WHAT TO PRODUCE. What you give must be the lines from the one containing "100 Sale Icons Set." through the last line of the listing below, exactly, with nothing else and no pictures.

EXCERPTED DATA.
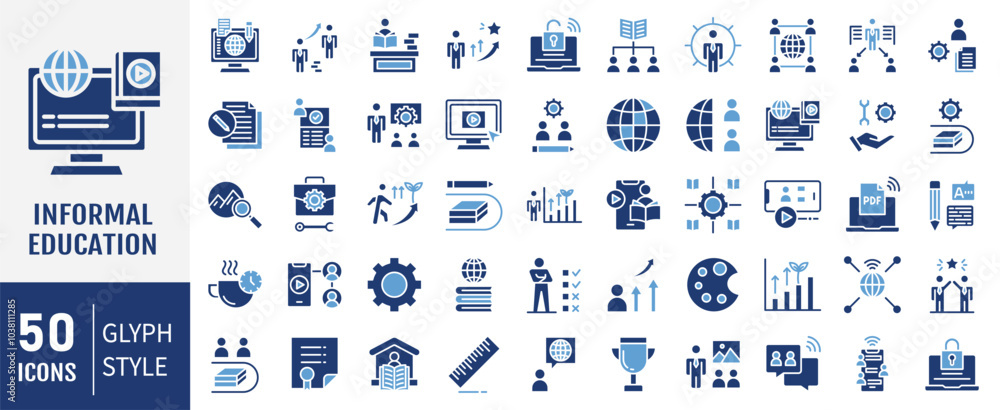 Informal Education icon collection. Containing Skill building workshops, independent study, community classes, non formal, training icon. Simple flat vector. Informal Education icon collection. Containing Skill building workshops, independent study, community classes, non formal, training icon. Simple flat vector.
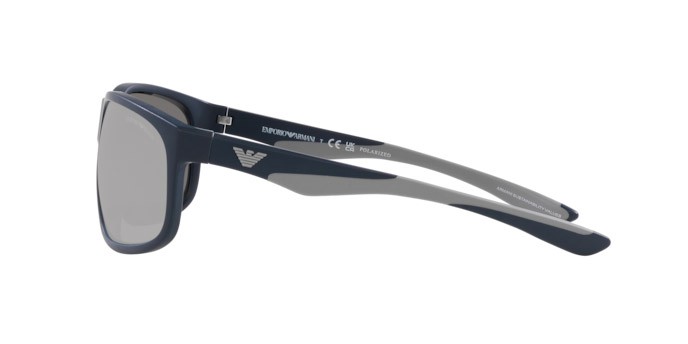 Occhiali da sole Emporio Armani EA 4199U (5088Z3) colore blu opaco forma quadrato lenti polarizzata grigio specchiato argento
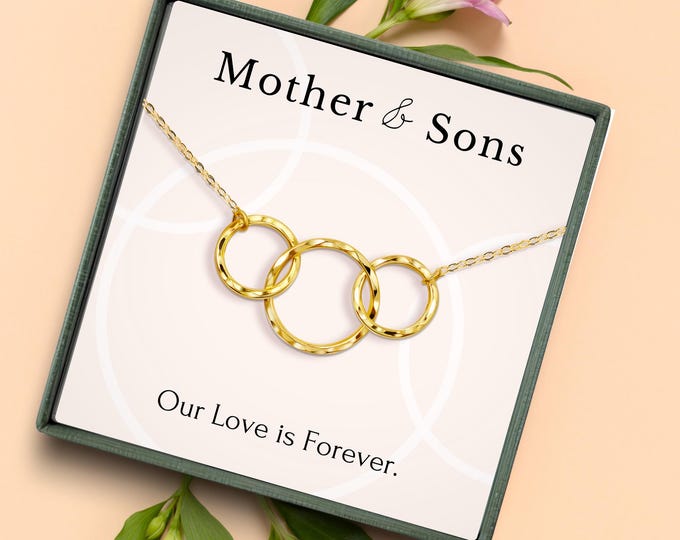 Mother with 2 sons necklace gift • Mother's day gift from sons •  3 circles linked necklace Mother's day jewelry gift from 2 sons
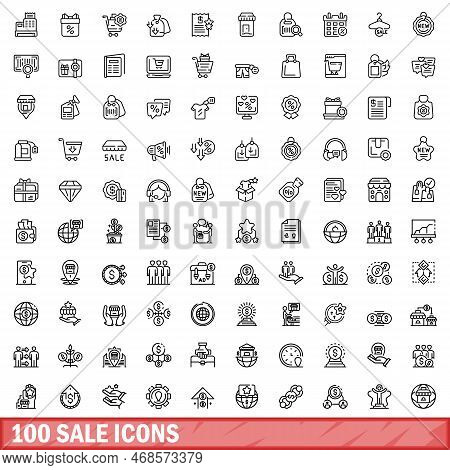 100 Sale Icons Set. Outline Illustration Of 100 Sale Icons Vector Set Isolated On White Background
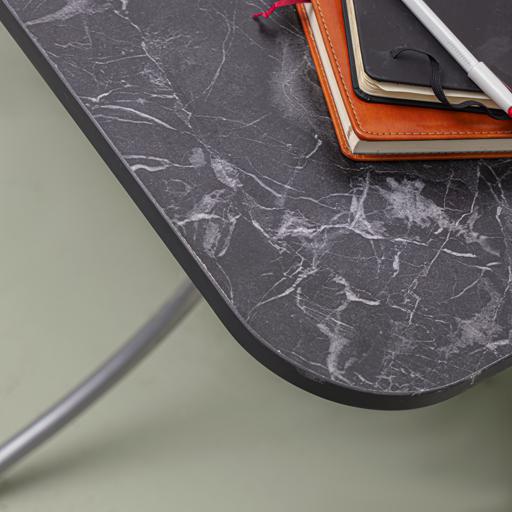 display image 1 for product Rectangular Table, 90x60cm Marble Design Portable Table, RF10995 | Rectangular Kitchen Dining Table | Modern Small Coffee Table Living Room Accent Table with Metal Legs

REPLY TO THE TASK.
 100 Sale Icons Set. Outline Illustration Of 100 Sale Icons Vector Set Isolated On White Background
 display image 1 for product Rectangular Table, 90x60cm Marble Design Portable Table, RF10995 | Rectangular Kitchen Dining Table | Modern Small Coffee Table Living Room Accent Table with Metal Legs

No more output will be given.